--- Information provided ---

★ ★ ★ ★ ★ ★ ★

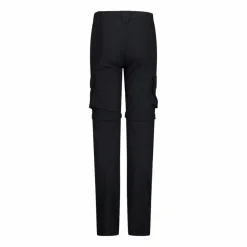 Bambino CMP Pantaloni Tecnici^Pantaloni zip off cargo con tasconi laterali stretch da bambino
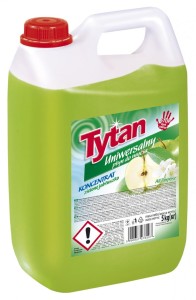PŁYN UNIWERSALNY TYTAN 5L ZIELONE JABŁUSZKO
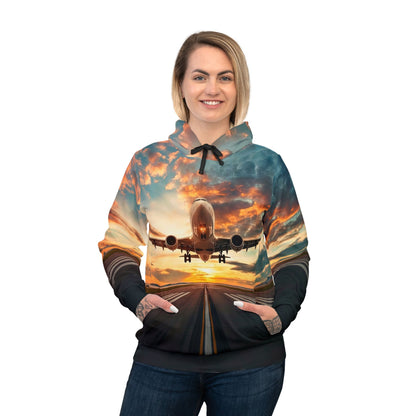 Sunset Landing Hoodie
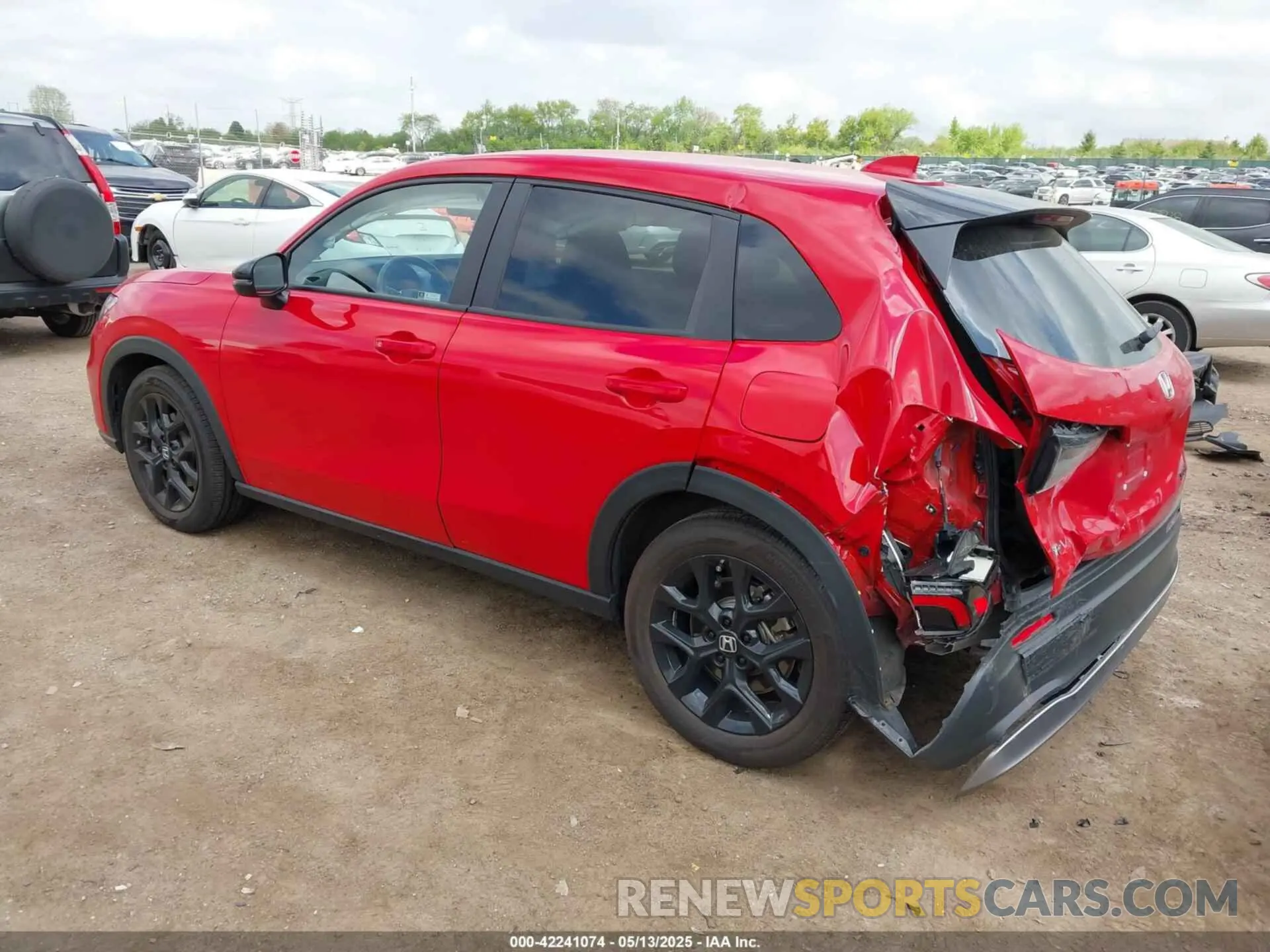 3 fotografías del automóvil dañado 3CZRZ2H56PM713382 HONDA HR-V 2023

★ ★ ★ ★ ★ ★ ★

--- Task requirements ---
In the data above, find the line containing "PŁYN UNIWERSALNY TYTAN 5L ZIELONE JABŁUSZKO"; from there, please write out each line through the end, exactly, with the pictures omitted.

--- Result for this task ---
PŁYN UNIWERSALNY TYTAN 5L ZIELONE JABŁUSZKO
 Sunset Landing Hoodie
 3 fotografías del automóvil dañado 3CZRZ2H56PM713382 HONDA HR-V 2023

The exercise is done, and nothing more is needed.